◆ **DATA SECTION**:
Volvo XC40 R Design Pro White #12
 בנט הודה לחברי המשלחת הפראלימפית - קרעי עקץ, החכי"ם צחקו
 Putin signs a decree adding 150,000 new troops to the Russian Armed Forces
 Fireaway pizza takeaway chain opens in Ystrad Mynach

◆ **ASSIGNMENT**: Return the final stretch of the listing exactly, starting with the line that contains "Putin signs a" and ending with the last line.

◆ **RESULT OF THIS EXERCISE**:
 Putin signs a decree adding 150,000 new troops to the Russian Armed Forces
 Fireaway pizza takeaway chain opens in Ystrad Mynach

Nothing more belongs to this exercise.